• **PROVIDED DATA**:
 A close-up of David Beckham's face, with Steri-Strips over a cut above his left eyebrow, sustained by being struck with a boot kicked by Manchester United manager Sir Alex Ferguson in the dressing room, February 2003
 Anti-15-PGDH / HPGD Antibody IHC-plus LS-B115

==

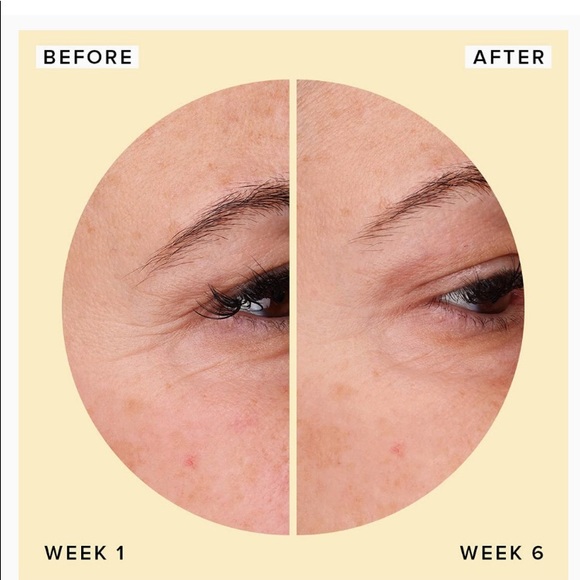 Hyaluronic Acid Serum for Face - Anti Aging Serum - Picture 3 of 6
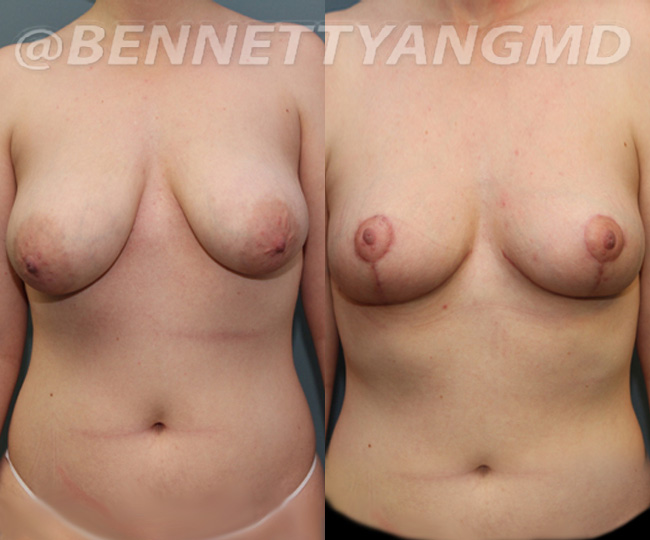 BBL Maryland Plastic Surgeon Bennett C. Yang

--

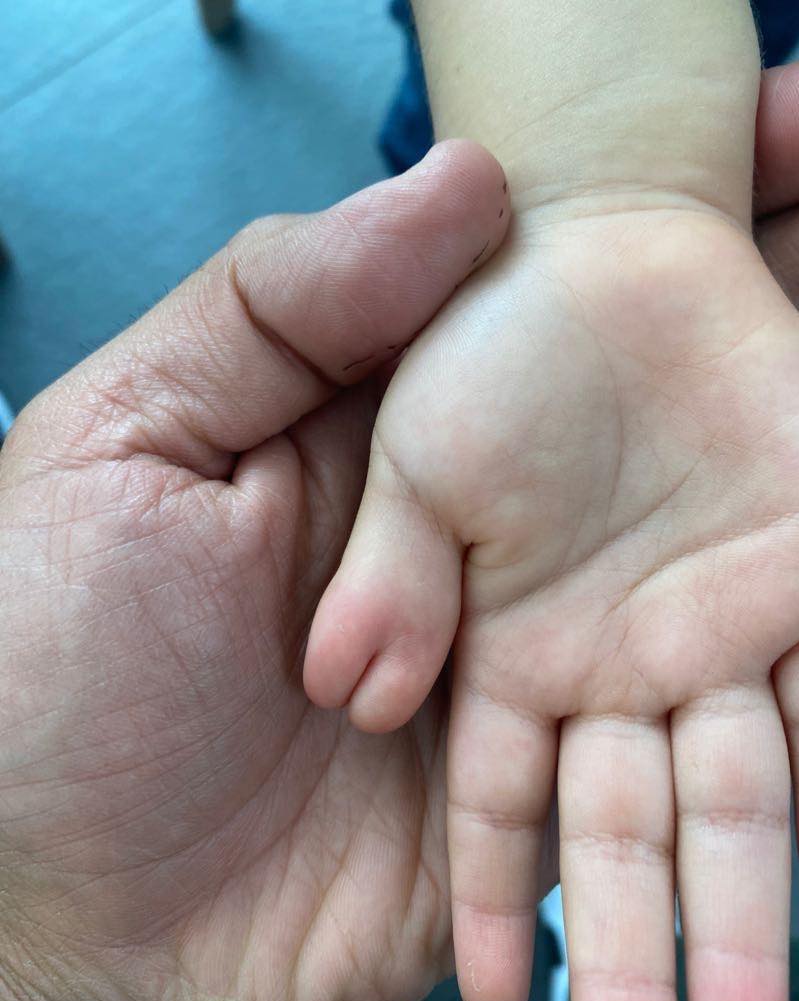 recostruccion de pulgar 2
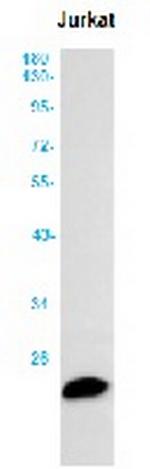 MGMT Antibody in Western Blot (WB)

• **ACTIVITY**:
Using the records above, print exactly the lines between the ones containing "recostruccion de pulgar 2" and "MGMT Antibody in Western Blot (WB)", inclusive, and nothing else; no pictures.

• **TASK RESULT**:
 recostruccion de pulgar 2
 MGMT Antibody in Western Blot (WB)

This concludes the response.